Records for processing
Content starts

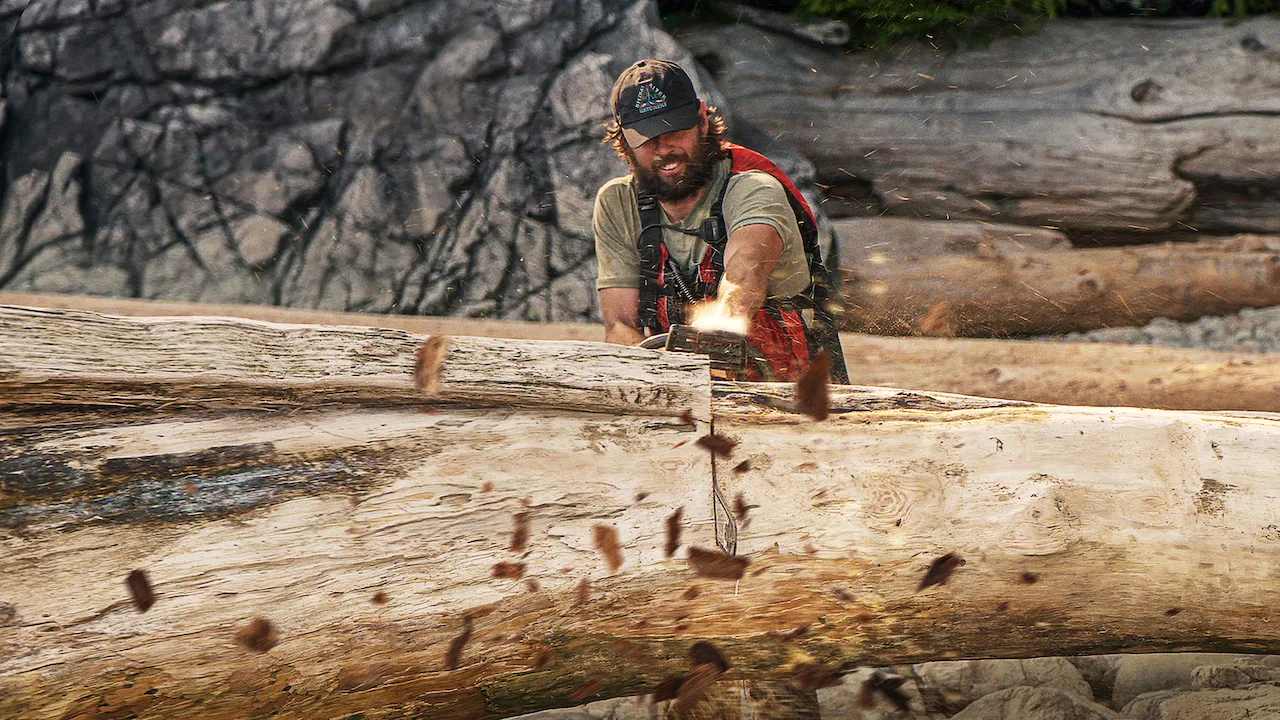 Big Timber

Content ends
Content starts

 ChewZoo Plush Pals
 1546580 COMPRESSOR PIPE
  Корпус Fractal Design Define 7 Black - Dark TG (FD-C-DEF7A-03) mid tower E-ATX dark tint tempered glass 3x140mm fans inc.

Content ends

Task item
Among the entries above, find the line with "1546580 COMPRESSOR PIPE" and the line with "Корпус Fractal Design"; give again exactly these two lines and all lines between them.

Written response
 1546580 COMPRESSOR PIPE
  Корпус Fractal Design Define 7 Black - Dark TG (FD-C-DEF7A-03) mid tower E-ATX dark tint tempered glass 3x140mm fans inc.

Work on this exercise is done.